## Exercise directions
Find "Weril C管サックス ブラジル製 - 管楽器・吹奏楽器ブランド 品 通販" in the material below and restate exactly the line holding it together with every line that comes after.

## Data section
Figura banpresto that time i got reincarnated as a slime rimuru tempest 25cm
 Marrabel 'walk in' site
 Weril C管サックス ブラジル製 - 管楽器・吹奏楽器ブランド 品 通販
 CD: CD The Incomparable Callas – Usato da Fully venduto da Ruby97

## Answer to the problem
 Weril C管サックス ブラジル製 - 管楽器・吹奏楽器ブランド 品 通販
 CD: CD The Incomparable Callas – Usato da Fully venduto da Ruby97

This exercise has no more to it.